The Out to Sea Blogathon: Lifeboat (1944)
When I saw the Out to Sea Blogathon the first thing that came to mind was Alfred Hitchcock’s Lifeboat. The reason for this is that when dealing with seafaring narratives you are normally are left with few options of how to approach it in terms of the kind of story being told.
As per usual Hitchcock worked from a concept first conceived in prose. In this case a story by John Steinbeck. Shaping into cinematic story proved a daunting task in the scripting stage, as Hitch told Truffaut in their now-legendary interview series:
I had assigned John Steinbeck to the screenplay, but his screenplay was incomplete and so I brought in MacKinlay Kantor who worked on it for two weeks. I didn’t care for what he had written at all. He said ‘Well, that’s the best I can do.’ I thanked him for his efforts and hired another writer, Jo Swerling, who had worked on several films for Frank Capra. When the screenplay was complete and was ready to shoot, I discovered the narrative was rather shapeless. So I went over it again, trying to give dramatic form to each of the sequences.
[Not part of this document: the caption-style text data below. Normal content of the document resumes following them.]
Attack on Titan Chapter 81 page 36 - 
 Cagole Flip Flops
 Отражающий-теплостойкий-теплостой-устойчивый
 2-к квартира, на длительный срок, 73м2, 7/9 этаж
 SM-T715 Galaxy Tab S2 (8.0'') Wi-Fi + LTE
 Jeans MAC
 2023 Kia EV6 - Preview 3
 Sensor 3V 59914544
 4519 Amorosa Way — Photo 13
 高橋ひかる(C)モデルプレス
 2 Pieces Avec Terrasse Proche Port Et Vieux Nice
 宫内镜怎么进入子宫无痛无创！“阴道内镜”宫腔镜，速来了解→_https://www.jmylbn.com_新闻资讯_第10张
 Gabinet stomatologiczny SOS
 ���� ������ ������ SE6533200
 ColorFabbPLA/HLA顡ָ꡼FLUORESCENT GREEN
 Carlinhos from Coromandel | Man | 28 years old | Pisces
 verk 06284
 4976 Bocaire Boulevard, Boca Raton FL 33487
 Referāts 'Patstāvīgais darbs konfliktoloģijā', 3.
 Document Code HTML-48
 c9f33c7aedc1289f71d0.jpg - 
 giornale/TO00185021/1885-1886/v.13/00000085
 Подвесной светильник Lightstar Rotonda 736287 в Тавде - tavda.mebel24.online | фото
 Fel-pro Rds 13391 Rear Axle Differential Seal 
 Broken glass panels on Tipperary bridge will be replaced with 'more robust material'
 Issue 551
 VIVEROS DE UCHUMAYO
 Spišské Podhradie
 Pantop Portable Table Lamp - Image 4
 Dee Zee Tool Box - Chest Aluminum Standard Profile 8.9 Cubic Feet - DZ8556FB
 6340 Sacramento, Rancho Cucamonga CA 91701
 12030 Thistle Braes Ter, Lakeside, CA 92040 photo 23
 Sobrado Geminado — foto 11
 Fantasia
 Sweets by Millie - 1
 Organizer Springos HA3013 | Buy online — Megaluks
This kind of revolving door of writers was not unusual then, nor is it unusual now; nor is a director’s pass of the script. This kind of revisionary writing is what many directors do in lieu of writing their own scripts start-to-finish—Spielberg would be a modern day example. Much of Hitchcock’s contribution can be seen in Constance Porter’s (Tallulah Bankhead) arc. However, there are other touches that make this work special, one of under-appreciated works.
In the shipwrecked variant of the seafaring tale (this film deftly incorporates elements of that, war film, and chamber drama) there can be visual monotony to the goings on. What Hitchcock does to break this up is balancing the claustrophobic (being on a small lifeboat with a group of survivors) to agoraphobic (the oceanic nothingness that surrounds them). Another visual component that gives this film some vibrancy is that Hitchcock uses close-ups sparingly. Instead he frames many three-quarter, two-, three-shots, and larger group shots.
While, like Rope, this is a unity of space tale (but not time) yet there are cinematic moments, cuts, and mise-en-scène. So while the actors often share the frame listening and reacting to each other in the same take this film never feels theatrical.
As the title indicates the primary motivation for all the characters is survival. It instantly jumps into the action barely showing the sinking of the passenger ship by a U-Boat and getting right into the lifeboat.
The sea and their vessel is the ideal setting for this clash of characters who are a microcosm of World War II’s combatants. The focus remains myopically on the characters only focusing on the seafaring aspect as much as necessary and as a function of these characters.
As Hitchcock did later on The Birds, there is no musical score in this film. It’s another decision that focuses the audience’s attention on the characters as it searches for more verisimilitude and less spectacle.
As each passenger climbs out of the wreckage and onto the boat, there is tension and conflict as those already on the boat discover who the newcomer is and more about them. This is mostly subsumed and not bombastic. Most of the overt conflict surrounds the character of Willi (Walter Slezak), the German who comes aboard.
There are deceptions along the way but the character of Willi is most definitely an intriguing one. Hitchcock mentioned to Truffaut that some criticism from the press about the film was about the Nazi being too skilled, in short that they wanted the movie to be more propagandistic as it was released in 1944. However, the fact that he was the most qualified to captain the lifeboat doesn’t changed the fact that he lied about his rank on the U-boat and what supplies he kept on his person amongst other things. Plus, he goes to great lengths to earn their trust in order that his deception(s) can go undetected.
Had the film been more starkly black and white in its characterization, as some critics wanted it to be (judging a film by what you want it to be, and not what it is, is a cardinal sin of criticism), I don’t think the film would have had the afterlife its enjoyed despite its disappearing from cinemas with little fanfare upon its initial release. Save for a rather lengthy run in New York.
With any film the audience, both critics and the general public, are the final arbiter of meaning and impact–or at least have the final say whether “correct” or not. My perspective ends up being somewhere between Truffaut who said:
At one time I was under the impression that Lifeboat intended to show that everyone is guilty, each of us has something to be ashamed of, and that no one man is qualified to pass judgment others.
And Hitchcock who said:
Here was a statement telling democracies to put aside their differences temporarily and to gather forces and concentrate on the common enemy, whose strength was derived from a spirit of unity and determination.
In drawing the characters out, in giving them all dimension, you will naturally see flaws and positives in all these people. Having no character be a paragon of virtue is what makes this film art and not the propaganda some desired.
Yet Hitch’s message is also there, especially at the very end after the second shipwrecked Nazi is dealt with, the line is clearly delivering the moral he wants, but can be variously interpreted such that it doesn’t become a preachy statement–a trap many films of the era fell into. It could taken as a modern spin on the expression “Kill them all, let God sort them out.” The preceding events showed that when these people allowed their better natures to prevail and followed the Golden Rule they were taken advantage of. They were shown over and over again they could not deal with the Nazis humanely.
With Lifeboat Hitchcock puts on a morality play at sea with representative figures which are archetypal, yet layered; well-rounded and not stereotypical and it is perhaps that it did not connect as well 76 years ago as it might now.